The 30 Best Movies of 2017

The bright lights in Tinseltown were especially revealing in 2017, not only displaying the cinematic spectacles that the motion picture industry is famous for but also, as the story of the year boldly blazons, but avowing the predators who have toiled there for too long.

With the gender balance being bravely argued it is with joy that a suiting Hollywood ending be reflected in Taste of Cinema’s year end roundup. So many of our favorite films from 2017 feature brilliant women either in front of the lens or behind it –– from Wonder Woman to Rumble to Lady Macbeth to Lady Bird to Faces Places to The Beguiled –– what phenomenal females!

Beyond that, just a cursory glance at the titles assembled here in our 30 Best Movies of 2017 (and do please note that narrowing the titles down to a workable 30 titles was no small feat –– I cringe at the many worthy films that didn’t make the cut, and a lengthy Honorable Mentions section aims to tow the line) shows a wonderful and wide-ranging miscellany.

The auteur is alive and well, arthouse and blockbusters are plentiful, documentary films are on fire, genre films are stronger than ever, and let’s just echo it all once more for posterity: female-led projects are popular, bankable, and breathtaking, as are strong women characters.

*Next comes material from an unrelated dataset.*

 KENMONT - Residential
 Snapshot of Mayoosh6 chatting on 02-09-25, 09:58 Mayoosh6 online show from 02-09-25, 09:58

Without further ado, let the roundup commence, and in 2018 let’s catch up in the queue and compare notes, shall we? Enjoy!

 

30. The Beguiled

“I loved the sexual repression under the high lacy collars in the heat of the South, and how under all the melodrama, there were themes I could relate to about the power struggle between men and women,” writes director Sofia Coppola in the LA Times of her award-winning film, The Beguiled, adding: “…I loved that the story was about hierarchies in groups of women, something I’ve looked at with my earlier work.”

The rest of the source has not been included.